WRR University: Full Attack Racing During A Crash Can Be A Big Mistake
Race restarts offer a huge opportunity to make passes. The field is bunched up, tires are a little cold and sometimes the door opens. You can often make more passes in the first lap or two after a restart than at any other time in a race.
That same opportunity for passing is an opportunity for contact. Cars are close together and many drivers will be trying to capitalize on the situation. As a result, crashes are the most common on starts and restarts. That’s doubly true if you race in a spec class that has big fields because there are more cars bunched up.
In this video we see a driver (black/yellow car) execute a few passes immediately after a restart. Perhaps emboldened by this success, he makes an overly optimistic move near the beginning of the second green flag lap. That move punts a car, which creates a melee with so many cars right together. Winding Road Team TFB driver Tom Martin (camera car) does a nice job of threading the needle.

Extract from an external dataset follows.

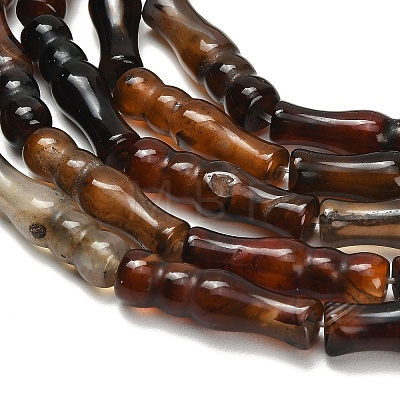 Natural Agate Beads Strands G-Z144-A02-02A-1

We’ve seen something like this in all sorts of racing from Pirelli World Challenge to Indycar to Spec Miata. When you have a lot of similar cars with talented drivers, the field runs in groups of cars that are very close together. That is even more true on restarts, where the entire field is close. What changes all too often is that one or two drivers get extra aggressive trying to take advantage of that closeness. That’s a low percentage game, so, cliche or not, any rational coach would advise being extra careful attempting aggressive passes in corners on a restart.
As we’ve said before, you need to be especially thoughtful when switching from normal rhythm driving, where you have time to set up passes can can think ahead about avoiding risky moves, to carpe diem driving, where an small opportunity suddenly opens up and you have to instantly decide whether to take it or not given the risk.
But, that’s not the interesting point from this video. When we cut to Tom’s rearview camera, you see the car behind Tom still trying to race when perhaps it should be clear that something has gone wrong ahead. First you see the following car plow into Tom. Then, seconds later, he seems to attempt to pass Tom while going through the spinning wreckage. That, shall we say, doesn’t end well. Maybe the video doesn’t show the complete picture (when cars are spinning it is tough to predict their paths and no single video shows the complete situation). But we’d still say this is a reminder that it is important on a restart to be heads up, prepare to switch quickly to yellow flag mode, and live to fight another day.
Yellow flag mode doesn’t usually involve yellow flags. The corner workers can’t get the flags out that fast and the corner stations aren’t always in the perfect spot. Yellow flag mode is a driving style that involves a slightly slower pace so that you have more margin for sudden avoidance moves and it involves driving to avoid risk, not cutting it as close as possible to maintain momentum.
If you are overly focused on finding carpe diem situations, and not thinking about yellow flag situations at all, you are unlikely to respond correctly. That generally doesn’t help you or your fellow racers.